PHOTO OLIVIER JEAN, LA PRESSE

Diane Dufresne sur la scène de la Maison symphonique, accompagnée des musiciens de l’OSM

Il y avait en fait quelque chose de très émouvant à voir cette chanteuse qui n’a plus rien à prouver, cette femme mûre se mettre en danger ainsi avec un spectacle qui n’est pas a priori un bonbon, et de voir le public répondre avec autant d’enthousiasme.

Les arrangements du chef Simon Leclerc ont donné aux nouvelles chansons beaucoup plus de tonus que sur l’album, mais on peut regretter de ne pas avoir pu bien distinguer toutes les paroles – la voix de Diane Dufresne peinait parfois à se frayer un chemin à travers les instruments. À travers ces pièces moins connues se sont aussi faufilées par exemple l’hyper romantique Que, ou Cendrillon au coton, qui intercalée avec la récente Le temps me fait la peau (un texte de Diane Dufresne sur une musique de Catherine Major) a certainement été un des moments forts de la soirée, avec sa succession de tableaux musicaux qui ont mis en valeur l’orchestre.

Plus tard, c’est d’ailleurs un mash-up postapocalyptique entre Hymne à la beauté du monde et Oxygène – combien de fois encore Diane Dufresne pourra-t-elle la réinventer ? – qui est venu nous surprendre de belle manière.

Quand la chanteuse est revenue à la fin, après avoir été couverte de fleurs et de cadeaux, et cette fois coiffée d’un très poétique chapeau-licorne, et qu’elle a livré la très prenante Je me noue à vous, une adaptation de Show Some Respect de Sting, l’émotion était palpable.

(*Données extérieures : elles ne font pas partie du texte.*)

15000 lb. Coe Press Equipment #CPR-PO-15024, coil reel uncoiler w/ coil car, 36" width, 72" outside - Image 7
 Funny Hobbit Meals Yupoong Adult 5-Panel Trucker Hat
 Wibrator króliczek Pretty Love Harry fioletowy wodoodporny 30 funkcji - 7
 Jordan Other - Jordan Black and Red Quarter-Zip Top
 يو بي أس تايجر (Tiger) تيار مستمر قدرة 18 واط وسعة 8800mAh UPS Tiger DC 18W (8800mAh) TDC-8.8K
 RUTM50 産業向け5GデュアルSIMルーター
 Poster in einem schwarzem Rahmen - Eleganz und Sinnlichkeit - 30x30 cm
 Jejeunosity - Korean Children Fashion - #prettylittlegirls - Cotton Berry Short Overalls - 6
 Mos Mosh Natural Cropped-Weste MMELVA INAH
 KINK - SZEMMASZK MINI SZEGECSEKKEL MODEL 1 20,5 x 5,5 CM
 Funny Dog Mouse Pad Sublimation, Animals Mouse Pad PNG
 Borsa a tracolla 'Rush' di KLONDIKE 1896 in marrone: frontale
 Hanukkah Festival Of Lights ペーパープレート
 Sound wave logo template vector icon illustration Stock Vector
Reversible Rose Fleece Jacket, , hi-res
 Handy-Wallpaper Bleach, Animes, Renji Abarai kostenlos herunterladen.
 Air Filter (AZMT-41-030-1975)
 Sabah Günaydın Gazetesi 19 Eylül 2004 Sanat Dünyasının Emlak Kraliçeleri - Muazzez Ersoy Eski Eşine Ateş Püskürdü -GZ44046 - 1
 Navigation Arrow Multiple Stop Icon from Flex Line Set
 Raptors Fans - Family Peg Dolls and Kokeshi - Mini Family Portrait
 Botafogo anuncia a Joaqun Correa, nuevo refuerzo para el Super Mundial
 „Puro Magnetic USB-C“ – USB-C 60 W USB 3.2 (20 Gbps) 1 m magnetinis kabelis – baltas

L’anniversaire avait été fêté avec classe, les remerciements à son équipe et aux musiciens de l’OSM – « travailler avec eux, c’est atteindre l’Everest tout en faisant de la fine dentelle » – avaient été généreux, et si la voix n’est plus aussi spectaculaire qu’avant, elle reste maîtrisée et contient une charge émotive que seul le passage du temps peut imprégner.

De toute façon, comment résister à une chanteuse qui termine son spectacle en disant « au revoir, mes amours » ? C’est là que réside tout Diane Dufresne, et probablement toute sa force aussi.

Diane Dufresne : un 75e symphonique est présenté encore ce soir et demain à la Maison symphonique.